Doğrusu çok merak ediyorum, başına gelenler konusunda Zekeriya Öz ne düşünüyor? Dün en büyük hizmeti Tayyip’e vermiş onun övgülerine hak kazanmıştı.
Başına gelenler, uğradığı hakaretler, kendisine Tayyip ağzıyla yapılan saldırılar konusunda acaba ne diyor?
Acaba haksızlık ettiği yüzlerce masum insanın ah’ı mı tuttu?
Tayyip’in mesajını acaba aldı mı? Sadece o değil, bütün yargı mensupları aldı mı?
“Ben hak, hukuk ve adaletten anlamam. Benim kitabımda onlar yazmıyor. Benden yana olduğun sürece seni yüceltirim, olmadığın zaman üzerine saldırırım.”
Bir zamanlar astığı astık, kestiği kestik savcı Zekeriya Öz vardı!
Şimdi büyük oynadı, aldı başına belayı.

Fetva!

“Ey benim hizmet ehli arkadaşlarım, hepimizin ortak referansı olan Kuran-ı Kerim’in ayetlerinde Allah bize ‘Düşünmez misiniz, akıl etmez misiniz’ gibi hitaplarla seslenmektedir.
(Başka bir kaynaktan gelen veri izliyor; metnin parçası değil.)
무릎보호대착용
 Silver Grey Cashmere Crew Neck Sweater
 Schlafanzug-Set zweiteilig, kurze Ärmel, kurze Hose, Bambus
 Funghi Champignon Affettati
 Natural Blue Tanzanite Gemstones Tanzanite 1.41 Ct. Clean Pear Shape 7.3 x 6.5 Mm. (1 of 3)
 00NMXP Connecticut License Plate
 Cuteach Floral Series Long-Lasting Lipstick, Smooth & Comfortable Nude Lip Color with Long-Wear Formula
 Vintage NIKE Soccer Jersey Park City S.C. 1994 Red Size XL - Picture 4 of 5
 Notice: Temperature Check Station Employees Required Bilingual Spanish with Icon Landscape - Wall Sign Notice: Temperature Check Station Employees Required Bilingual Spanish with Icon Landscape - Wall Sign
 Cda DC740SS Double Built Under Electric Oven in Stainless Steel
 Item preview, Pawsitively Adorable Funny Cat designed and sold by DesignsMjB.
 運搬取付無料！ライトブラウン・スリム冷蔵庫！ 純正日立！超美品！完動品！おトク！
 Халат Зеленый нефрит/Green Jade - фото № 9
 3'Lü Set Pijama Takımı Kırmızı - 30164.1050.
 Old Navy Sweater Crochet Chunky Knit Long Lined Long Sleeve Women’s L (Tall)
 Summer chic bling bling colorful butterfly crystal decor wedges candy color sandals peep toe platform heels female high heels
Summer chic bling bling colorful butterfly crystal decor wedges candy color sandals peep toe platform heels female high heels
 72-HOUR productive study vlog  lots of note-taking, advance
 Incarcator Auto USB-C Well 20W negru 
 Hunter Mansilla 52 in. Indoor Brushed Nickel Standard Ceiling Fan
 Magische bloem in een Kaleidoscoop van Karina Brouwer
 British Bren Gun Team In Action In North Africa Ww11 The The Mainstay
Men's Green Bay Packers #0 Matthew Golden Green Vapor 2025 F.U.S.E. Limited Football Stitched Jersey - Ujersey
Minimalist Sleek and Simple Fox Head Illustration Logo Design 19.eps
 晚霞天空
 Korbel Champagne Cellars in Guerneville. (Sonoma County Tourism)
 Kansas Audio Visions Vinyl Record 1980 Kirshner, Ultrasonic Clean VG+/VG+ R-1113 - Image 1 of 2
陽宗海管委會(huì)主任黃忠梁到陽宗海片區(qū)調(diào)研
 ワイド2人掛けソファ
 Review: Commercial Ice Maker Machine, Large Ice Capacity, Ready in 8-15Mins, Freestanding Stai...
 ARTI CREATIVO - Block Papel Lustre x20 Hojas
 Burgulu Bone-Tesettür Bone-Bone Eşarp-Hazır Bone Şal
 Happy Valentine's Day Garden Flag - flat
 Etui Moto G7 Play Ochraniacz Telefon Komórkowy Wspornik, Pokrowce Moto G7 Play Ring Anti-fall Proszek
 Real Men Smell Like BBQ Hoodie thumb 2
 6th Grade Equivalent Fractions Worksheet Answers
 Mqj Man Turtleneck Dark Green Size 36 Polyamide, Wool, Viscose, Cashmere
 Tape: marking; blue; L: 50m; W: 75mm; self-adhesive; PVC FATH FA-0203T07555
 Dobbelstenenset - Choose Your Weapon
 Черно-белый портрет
Bizlerin manevi tekamülüne (gelişmesine) katkı sunan kanaat önderlerimizi (olayımızda Fethullah) sevip sayacağız ancak asla Rab (Allah) haline getirip Allah’ın konum ve derecesine ikame etmeyeceğiz.
Dini anlayış ve yaşayışta referans sıralaması ve hiyerarşimizin Allah, Peygamber ve ondan sonra kanaat önderimiz olduğunu aklımızdan çıkarmayacağız.
Birileri din adına bir şeyler emrettiğinde, öncelikle Kuran ve sünnet filtresinden geçireceğiz...”

* * *

Yukarıdaki sözler bir imam tarafından camide okunmadı. Bu sözlerin sahibi olan şahıs, Yargıtay üyesi Abdullah Yaman.
Hazırladığı yazılı metni arkadaşlarına ve medyaya dağıttı.
Özetleyerek verdiğim bu mesajın amacı:
Yargıda, poliste ve öteki kamu kurumlarında görevli Fethullahçılara seslenip onları
ikna etmek, yanlış yoldan döndürmek.
Başka bir deyişle “Tayyip’ten ve hükümetten yana olun” demek.
Abdullah Yaman isimli bu şahıs geçmişte Ankara Sincan’da ticaretmahkemesi hakimi iken son furyadaAKP’nin HSYK’sı tarafından Yargıtay’aüye seçildi. Şimdi Yargıtay’da 19. Hukuk Dairesi üyesi.
Önüne gelen dosyaları acaba hukuk açısından mı, yoksa din ve Kuran açısından mı inceler?
Bu şahsın fetvası, Türkiye’de yargının kimlerin, hangi kafaların elinde olduğunun sadece bir örneğidir.